● WORK TO COMPLETE
For each line below that holds the word "Gold", make a copy.

● DATA EXTRACT
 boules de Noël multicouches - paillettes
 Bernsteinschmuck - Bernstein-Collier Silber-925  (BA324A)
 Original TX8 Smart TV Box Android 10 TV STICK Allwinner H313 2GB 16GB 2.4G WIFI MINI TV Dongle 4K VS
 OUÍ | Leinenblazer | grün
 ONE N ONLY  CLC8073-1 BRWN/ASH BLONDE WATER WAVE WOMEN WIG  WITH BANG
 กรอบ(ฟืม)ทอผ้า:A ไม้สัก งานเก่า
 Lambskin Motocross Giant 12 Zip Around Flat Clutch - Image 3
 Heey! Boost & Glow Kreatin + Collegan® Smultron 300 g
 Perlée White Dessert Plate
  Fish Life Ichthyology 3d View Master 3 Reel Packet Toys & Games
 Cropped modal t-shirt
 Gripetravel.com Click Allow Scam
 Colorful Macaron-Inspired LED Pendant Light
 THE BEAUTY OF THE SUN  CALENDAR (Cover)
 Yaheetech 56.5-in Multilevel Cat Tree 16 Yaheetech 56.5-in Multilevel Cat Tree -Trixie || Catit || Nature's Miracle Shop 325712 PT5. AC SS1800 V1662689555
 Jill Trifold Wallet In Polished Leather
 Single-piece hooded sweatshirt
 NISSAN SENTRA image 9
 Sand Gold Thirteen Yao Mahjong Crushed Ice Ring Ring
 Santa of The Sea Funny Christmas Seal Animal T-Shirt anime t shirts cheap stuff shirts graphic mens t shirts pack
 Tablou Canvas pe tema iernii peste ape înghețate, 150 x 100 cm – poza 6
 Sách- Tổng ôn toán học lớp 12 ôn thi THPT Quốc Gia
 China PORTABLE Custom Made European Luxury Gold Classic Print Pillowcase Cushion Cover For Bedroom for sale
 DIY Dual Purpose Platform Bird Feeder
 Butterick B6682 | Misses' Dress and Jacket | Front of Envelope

● TASK ANSWER
 Sand Gold Thirteen Yao Mahjong Crushed Ice Ring Ring
 China PORTABLE Custom Made European Luxury Gold Classic Print Pillowcase Cushion Cover For Bedroom for sale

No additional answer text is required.